Гости разошлись так рано, что Нелли даже удивилась: обычно посиделки у нее в мастерской заканчивались за полночь. Если вообще заканчивались – гости могли и вовсе не разойтись, просто прилечь где-нибудь в уголке прямо на ковре, чтобы утром со свежими силами продолжить застолье.
Но сегодня никто ночевать не остался.
«Старею я, наверное, – подумала Нелли. – Интерес к жизни теряю и сама поэтому всем становлюсь неинтересна».
Эти мысли не были кокетством – с чего бы ей было кокетничать перед самой собою? И сознание того, что она теряет интерес к жизни, не вызывало у нее страха. В конце концов, должно же это было когда-нибудь произойти. Она и так продержалась долго, может быть, даже слишком долго. Она знала, когда вообще-то должен был исчезнуть у нее всякий интерес к жизни.

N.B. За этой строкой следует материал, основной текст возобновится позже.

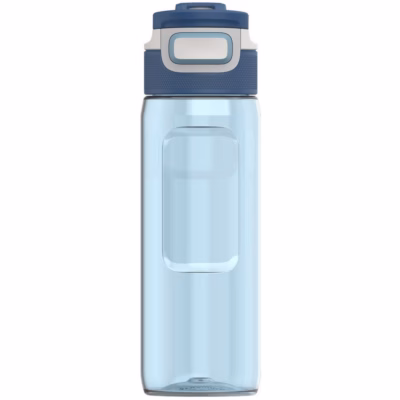 Joogipudel Kambukka Elton Crystal Sinine, 750 ml, Tritan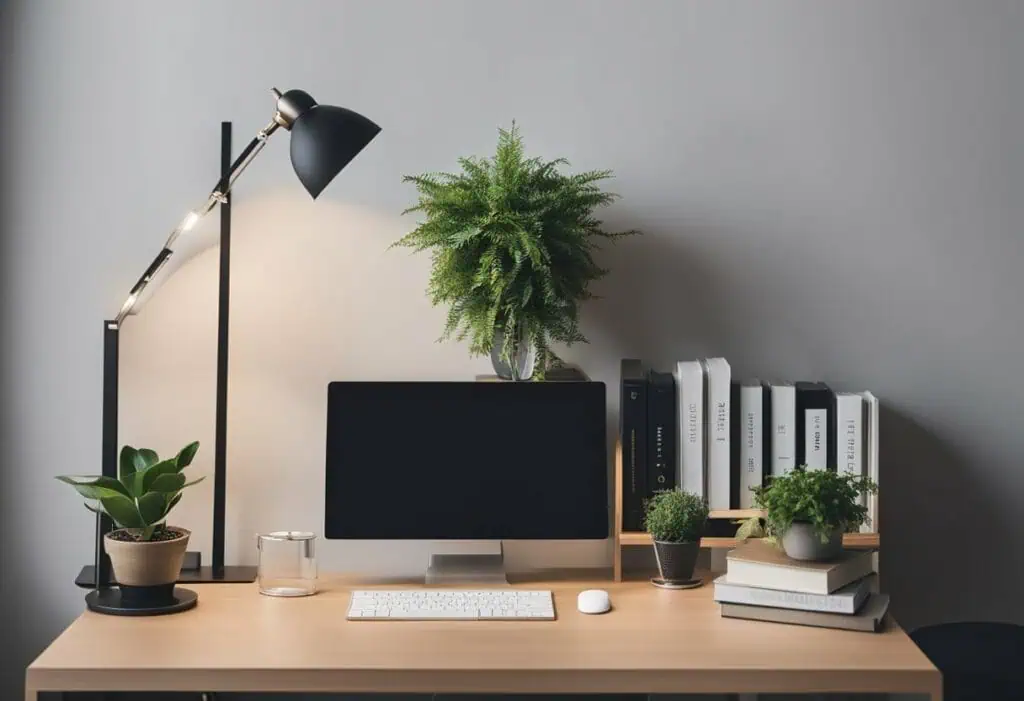 interior design invoice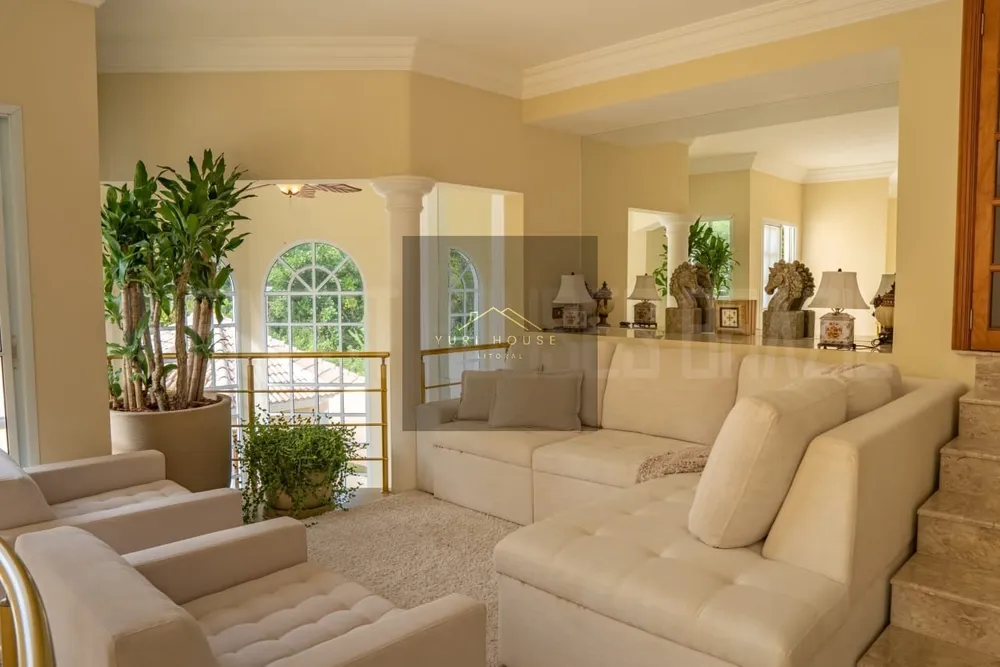 Casa, 6 quartos, 600 m² - Foto 7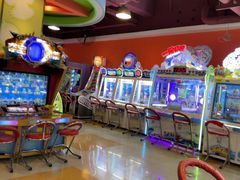 -汤姆熊欢乐世界(光启城店)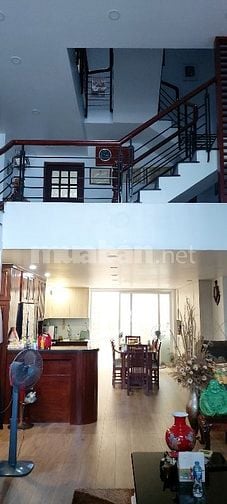 Bán nhà đẹp ngay chợ Tân Mỹ, Quận 7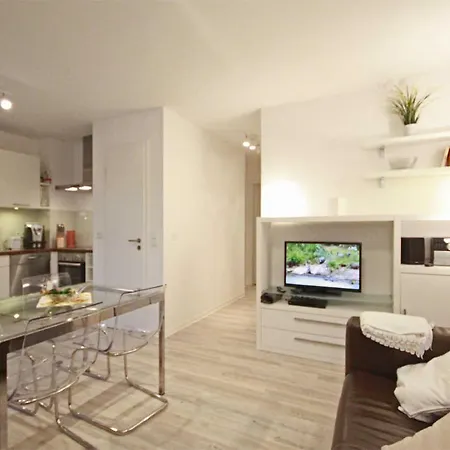 Haus Meeresblick - Auszeit بابي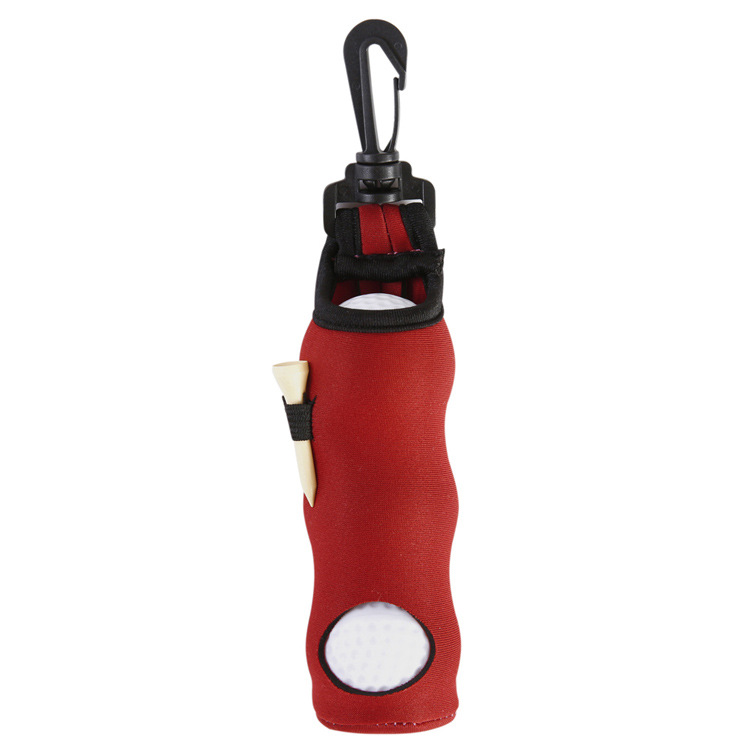 Golf Bags With 3 Tees And 3 Balls - Image 5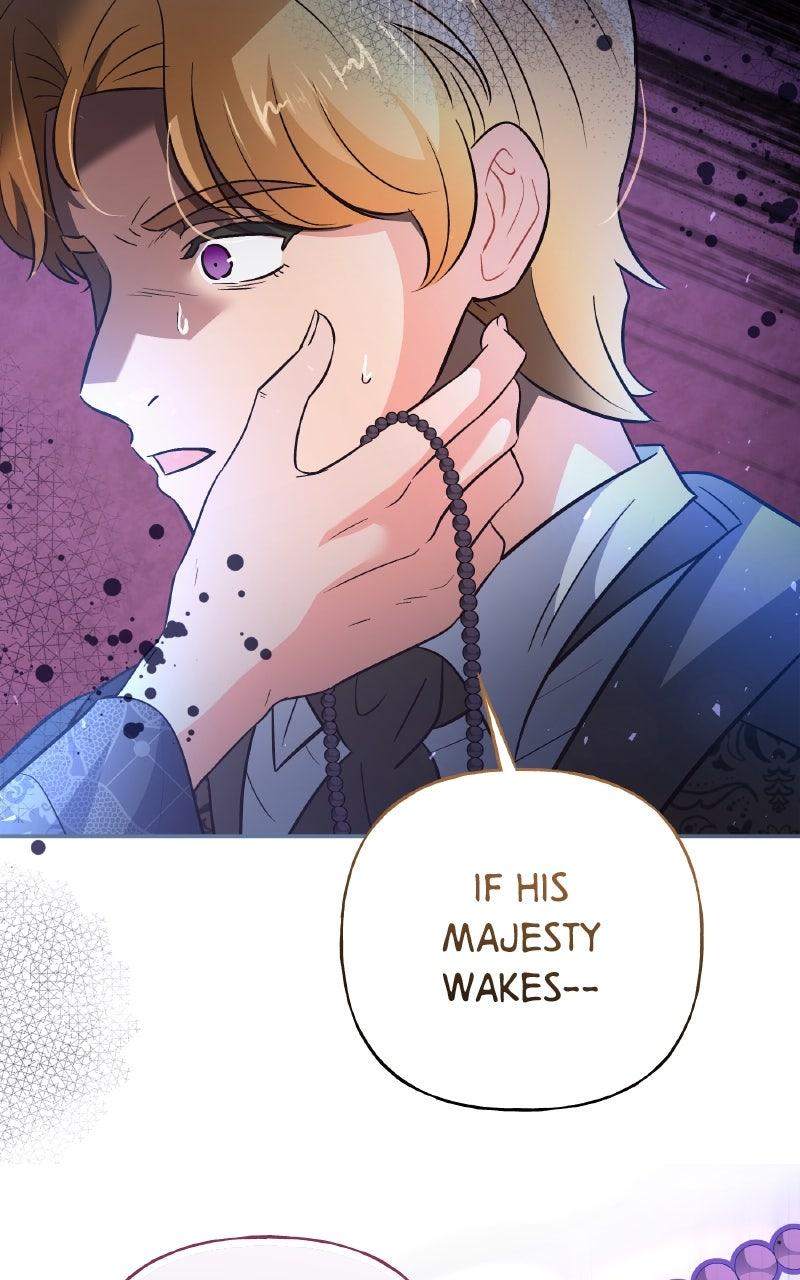 I Didn’t Sign Up to be a Nanny! Chapter 90 - Page 62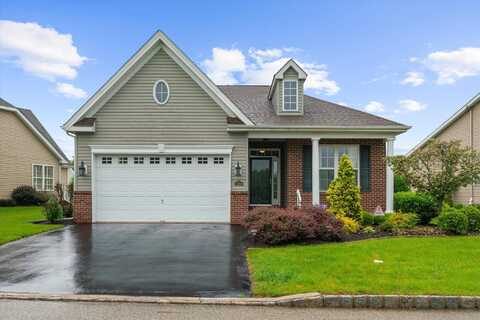1229 Creekside Lane Lane, Quakertown, PA 18951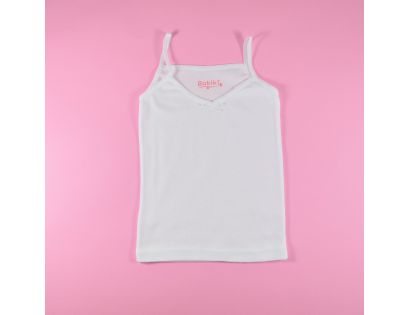 Camiseta niña tirantes finos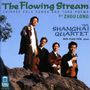 Zhou Long: Poems from Tang f.Streichquartett, CD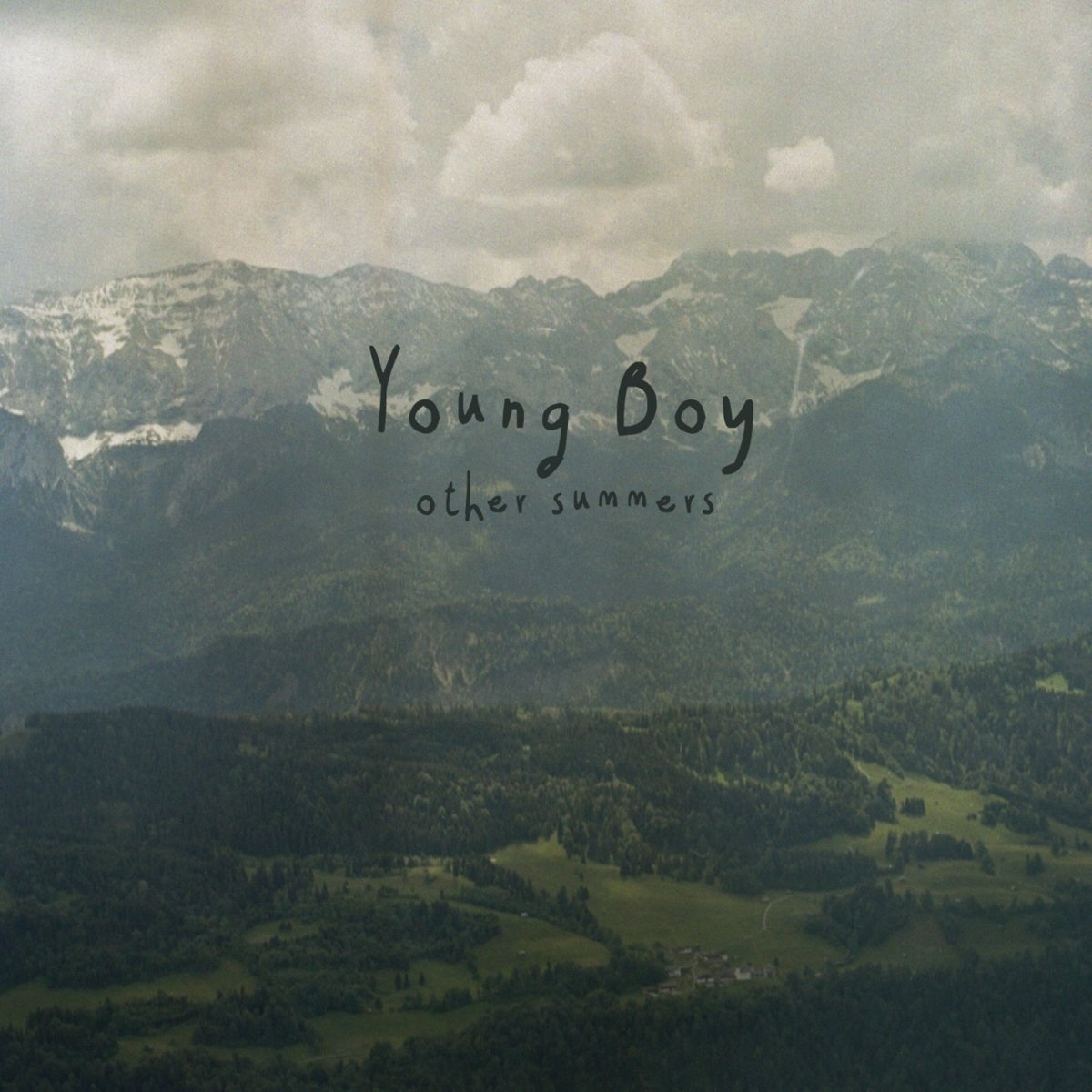 Young Boy - Other Summers Music CDs Vinyl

Этот день был ей точно известен, она помнила его ясно, во всех подробностях.
У нее вообще была прекрасная память – цепкая, художническая. И даже то, что художницей она так и не стала, этой цепкости ее памяти не повредило.
О том, что не стала художницей, да и не должна была ею стать, Нелли думала без горечи и даже без легкой грусти. Горевать об этом было бессмысленно – она и не горевала.